Un Casque bleu tué dans une position de l’ONU

La mission de l’ONU au Liban, UNIFIL, a confirmé lundi la mort d’un de ses Casques bleus dans le sud du pays, au milieu de combats qui se sont encore durcis entre l’armée israélienne et le Hezbollah. Un autre soldat de la paix a été grièvement blessé.

Selon un communiqué de la force onusienne, « un Casque bleu a tragiquement été tué hier soir lorsqu’un projectile a explosé dans une position de l’UNIFIL près d’Adchit al Qusayr ». L’organisation précise qu’elle ne sait pas d’où venait l’engin et qu’une enquête a été ouverte. Difficile, donc, de faire plus rassurant pour une mission censée servir la paix.

L’Indonésie a confirmé que l’un de ses militaires avait été tué et que trois autres avaient été blessés par des « tirs indirects d’artillerie ».

L’ONU réclame la protection de son personnel

Le secrétaire général de l’ONU, António Guterres, a appelé toutes les parties à respecter leurs obligations en droit international et à garantir « en tout temps » la sécurité du personnel et des biens des Nations unies.

UNIFIL indique que ses positions ont été touchées à plusieurs reprises depuis le début des derniers affrontements, le 2 mars.
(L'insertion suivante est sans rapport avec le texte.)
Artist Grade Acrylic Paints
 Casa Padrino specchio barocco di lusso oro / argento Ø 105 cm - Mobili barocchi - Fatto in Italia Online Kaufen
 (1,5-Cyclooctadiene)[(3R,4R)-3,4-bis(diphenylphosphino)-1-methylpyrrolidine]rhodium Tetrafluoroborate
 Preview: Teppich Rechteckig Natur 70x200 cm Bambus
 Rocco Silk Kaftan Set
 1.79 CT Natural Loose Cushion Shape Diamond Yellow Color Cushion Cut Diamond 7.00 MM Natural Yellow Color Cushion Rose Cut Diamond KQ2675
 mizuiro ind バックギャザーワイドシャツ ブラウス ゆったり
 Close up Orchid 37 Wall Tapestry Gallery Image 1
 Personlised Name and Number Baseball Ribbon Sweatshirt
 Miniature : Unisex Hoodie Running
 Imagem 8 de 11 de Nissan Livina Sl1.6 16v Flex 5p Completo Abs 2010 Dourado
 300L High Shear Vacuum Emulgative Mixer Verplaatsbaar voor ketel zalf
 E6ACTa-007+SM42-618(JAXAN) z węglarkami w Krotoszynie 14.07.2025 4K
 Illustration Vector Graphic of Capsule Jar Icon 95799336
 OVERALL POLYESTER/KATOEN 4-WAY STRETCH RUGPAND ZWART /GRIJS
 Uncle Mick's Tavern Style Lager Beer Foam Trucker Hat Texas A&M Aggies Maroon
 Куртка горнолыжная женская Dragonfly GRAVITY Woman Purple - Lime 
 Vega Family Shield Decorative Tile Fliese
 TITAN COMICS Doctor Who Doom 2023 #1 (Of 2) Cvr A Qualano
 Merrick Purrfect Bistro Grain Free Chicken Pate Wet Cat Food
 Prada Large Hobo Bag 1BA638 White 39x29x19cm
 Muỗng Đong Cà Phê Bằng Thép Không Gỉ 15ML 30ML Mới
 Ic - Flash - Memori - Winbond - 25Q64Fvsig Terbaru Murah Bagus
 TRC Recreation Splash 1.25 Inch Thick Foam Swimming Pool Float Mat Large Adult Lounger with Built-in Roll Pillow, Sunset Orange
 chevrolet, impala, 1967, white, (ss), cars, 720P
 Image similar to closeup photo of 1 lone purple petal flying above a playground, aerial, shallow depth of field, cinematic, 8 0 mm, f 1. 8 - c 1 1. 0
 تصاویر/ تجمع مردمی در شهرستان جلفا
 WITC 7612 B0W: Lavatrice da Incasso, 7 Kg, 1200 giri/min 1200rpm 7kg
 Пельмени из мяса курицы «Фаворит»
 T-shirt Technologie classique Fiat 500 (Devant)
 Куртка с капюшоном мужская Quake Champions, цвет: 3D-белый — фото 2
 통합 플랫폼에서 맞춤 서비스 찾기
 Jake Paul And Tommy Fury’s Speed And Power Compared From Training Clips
Le 7 mars, trois soldats ghanéens avaient déjà été blessés par des tirs dans une localité frontalière du sud du Liban.

Une offensive israélienne qui change d’échelle

Sur le terrain, l’armée israélienne a signalé lundi que six soldats avaient été blessés dans trois incidents distincts, dont trois grièvement.

Des responsables israéliens affirment que l’invasion du sud du Liban vise à établir une zone de sécurité s’étendant jusqu’à 30 km de la frontière israélienne.

Depuis Beyrouth, la journaliste d’Al Jazeera Zeina Khodr a expliqué que l’armée israélienne était passée de « pénétrations limitées » à une vaste offensive terrestre dans le sud du Liban, avec l’objectif de prendre du terrain jusqu’au fleuve Litani.

« Depuis la semaine dernière, les troupes israéliennes ont avancé dans plusieurs zones », a-t-elle indiqué, en citant notamment la progression le long de la route côtière occidentale et à environ 8 km au sud de Tyr, l’une des grandes villes du sud libanais.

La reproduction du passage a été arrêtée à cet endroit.